> [Task to complete]
Of the entries below, return only those lines from the line with "Çavuşoğlu, Litvanya Başbakanı" to the line with "Inner Forearm Layout.pdf", exactly, both included.

━━ Data for review ━━

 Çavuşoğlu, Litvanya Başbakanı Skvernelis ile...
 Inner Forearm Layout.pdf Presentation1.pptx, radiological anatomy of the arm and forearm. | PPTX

━━━
━━ Data for review ━━

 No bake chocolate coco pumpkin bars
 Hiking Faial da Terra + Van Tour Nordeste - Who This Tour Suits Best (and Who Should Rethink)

━━━

> [Response]
 Çavuşoğlu, Litvanya Başbakanı Skvernelis ile...
 Inner Forearm Layout.pdf Presentation1.pptx, radiological anatomy of the arm and forearm. | PPTX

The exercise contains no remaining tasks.